The spears move as one object. I'm not sure if you are being deliberately silly but:

Only one or two are going to actually be relevant and the rest are noise

It's the visual parsing to determine that which is difficult lol. It's why it's done to increase difficulty, and why overstimulation becomes torture eventually. Sorting good info from bad doesn't happen automatically, you have to use your brain.

[–] purpleworm@hexbear.net 1 points 1 week ago (1 children)

It's extremely easy to tell in that encounter, all you need to know is where they start and you can tell which ones to ignore. You need to learn how the projectiles behave to make this judgement, but the end result is much easier than tracking them constantly.

What's silly is acting like these encounters are DPS races because "well unless you can dodge literally everything every time forever, there is a DPS value you can attach to it" because fundamentally you aren't helpless to getting damaged nor do you have a time limit (e.g.
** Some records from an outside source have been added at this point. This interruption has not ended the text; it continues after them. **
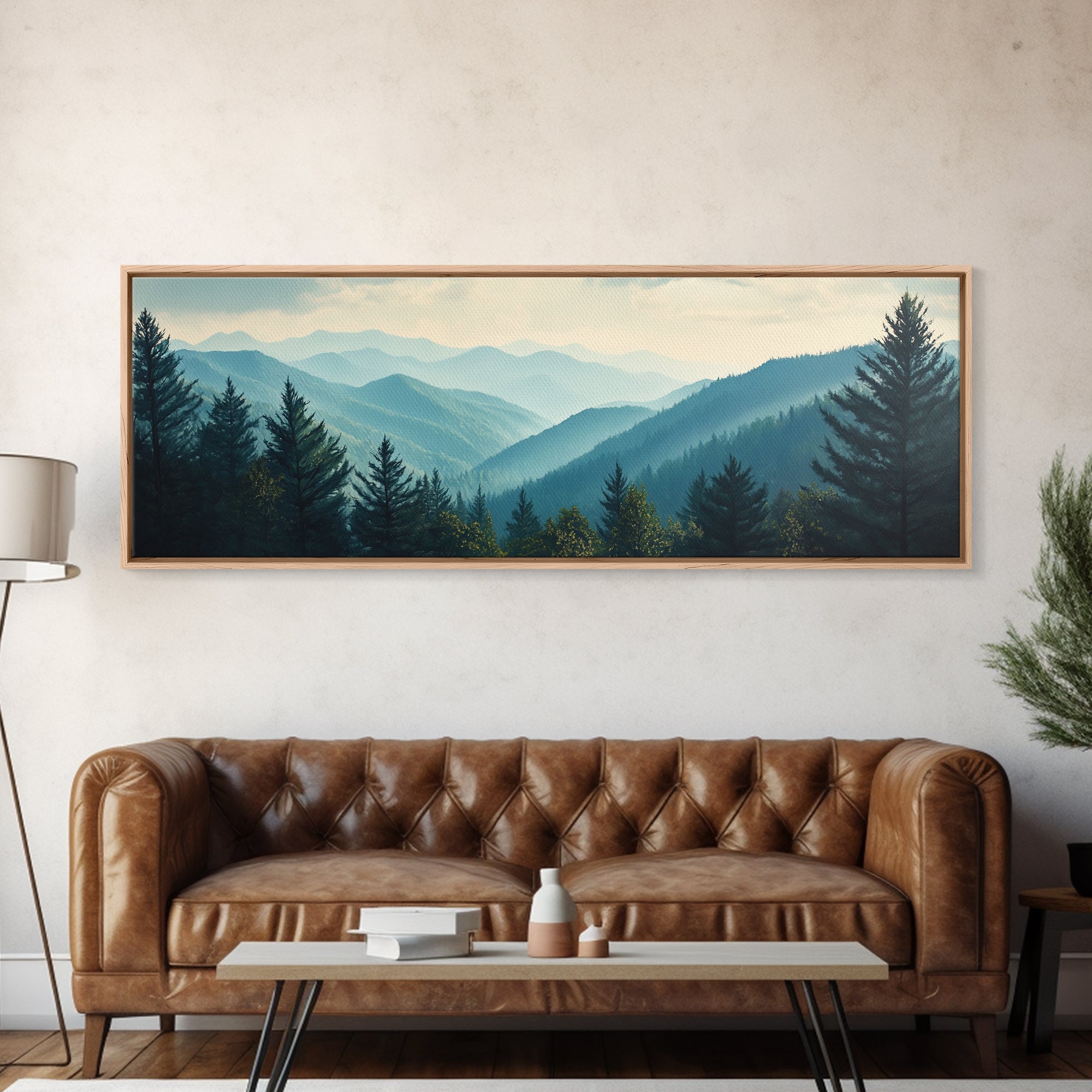 Mountain Painting Print, Mountain Art, Panoramic Wall Art, Extra Wide Horizontal Art, Ultra Wide Wall Art, Blue Ridge Mountains Painting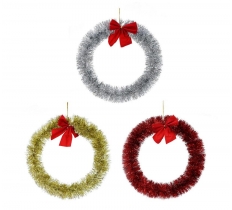 Hanging Tinsel Wreath With Bow 20Cm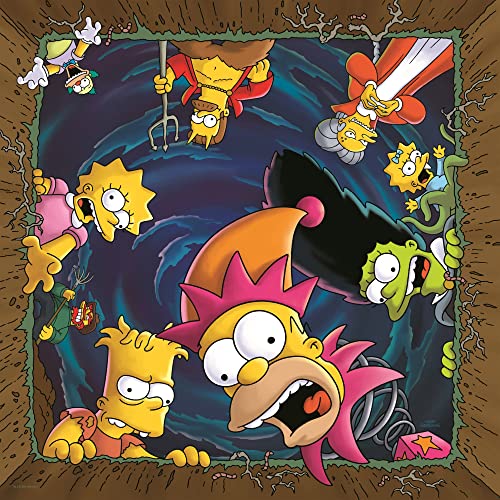 The Simpsons Treehouse of Horror Happy Haunting 1000 Piece Jigsaw Puzzle | Unique Square Puzzle Featuring Homer, Bart, Lisa, Marge, Maggie & More | Officially Licensed Collectible Simpsons Puzzle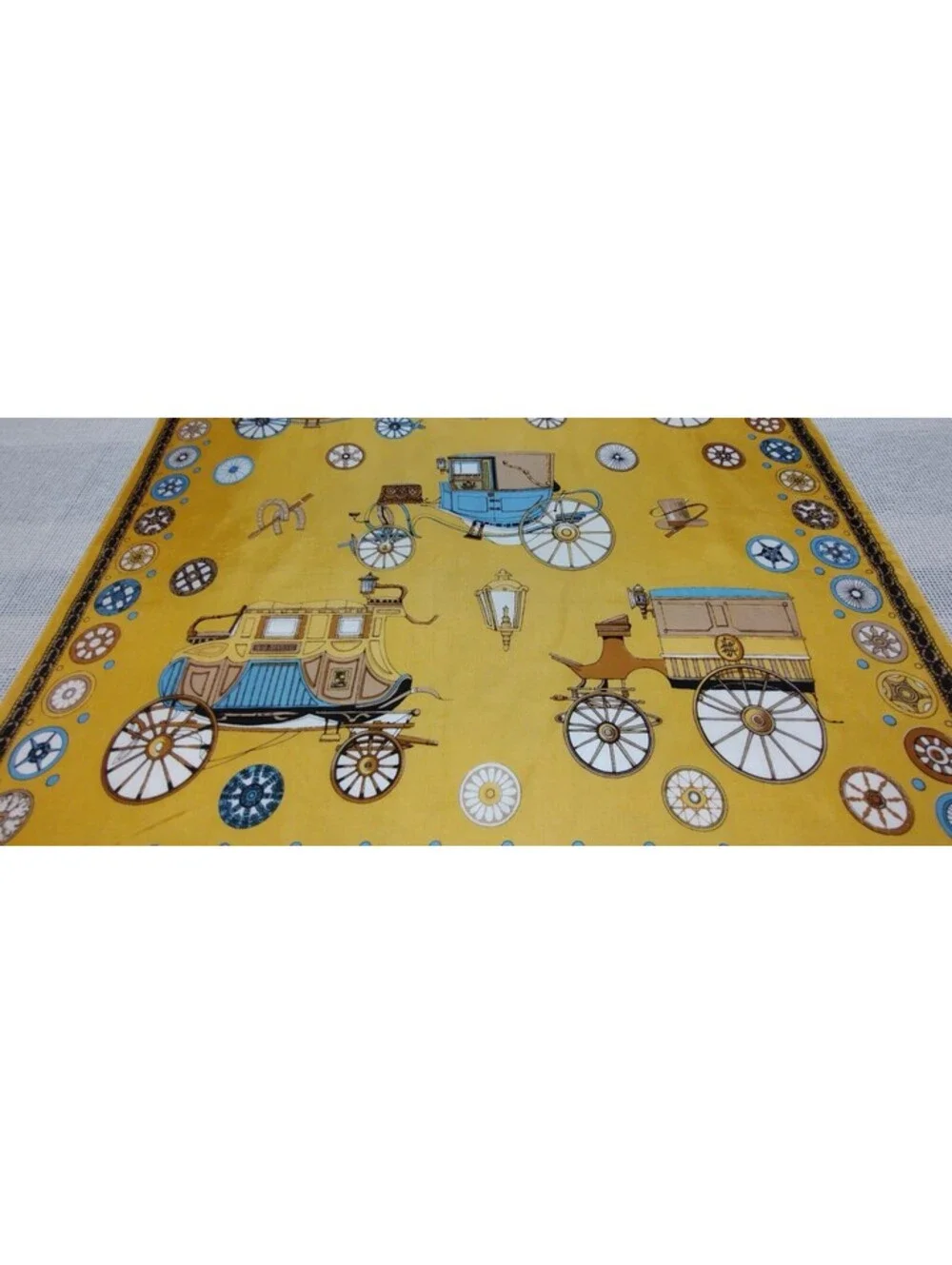 Vintage 1960s Carriages Scarf Lilly D'or Dandy Mustard Victorian Acetate ITALY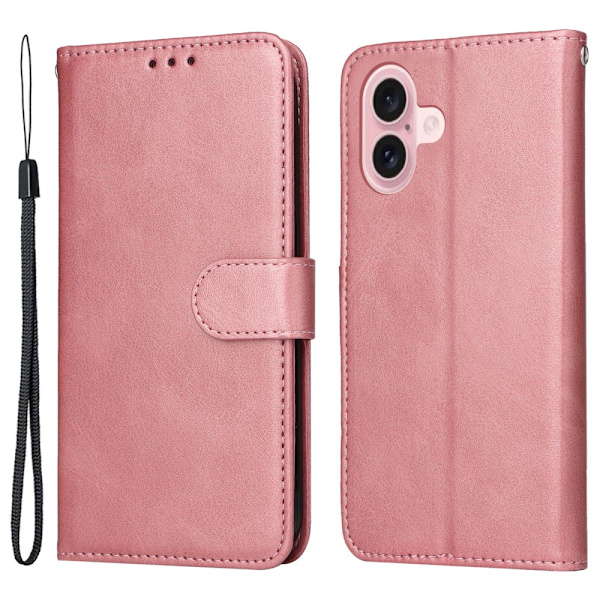 SKALO iPhone 16 PU-Läder Plånboksfodral - Fler färger Rosa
Four Kings in Dark Souls has a soft one), nor do any of the bosses I've seen so far heal (idk about later, though perhaps none do since there's no health bar anyway). At worst, you can just pick certain scenarios to play in a purely defensive manner if you feel overwhelmed, and you'll most likely get habituated to it over time and in any case can just win by only attacking some of the time. You don't need to play that way, of course, but the very fact that you can means that it's clearly not a DPS race in any meaningful sense of the term. For many bosses, even being on the defensive also typically still leaves a lot of room for attacking if you're using tools like the throwing knives or are willing to spend resources on the spear skill.

[–] insurgentrat@hexbear.net 2 points 1 week ago (1 children)

I suppose I'm wrong about my experience then? Thanks for clearing that up for me.

[–] purpleworm@hexbear.net 1 points 1 week ago* (last edited 1 week ago)

What I'm saying is that these games have a learning process because you aren't really intended to sight-read encounters, and once you have learned them they become much easier, with some of your description just being factually untrue because you don't need to actively track 3 - 4 things most of the time, you have brief moments where you are presented with the tells for attacks/projectiles and you can determine the possible paths (of which there are at most two but often just one in the case of Bell Beast). This has nothing to do with your subjective experience of being overwhelmed, which could be true even if it was just 1 thing on the screen (and that would be fair enough, there are encounters that will do that), and everything to do with the objective fact of how many things need to be actively watched at a given time, which again is only rarely 4 in the case of that boss (if you get especially unlucky with your positioning relative to falling bells).

Like, it's fine if Moss Mother is too difficult for you, people who moralize about video game difficulty are the most miserable people in the world, but that's not the same as justifying Moss Mother being too hard by saying that she deals 4 damage per hit, which just isn't true.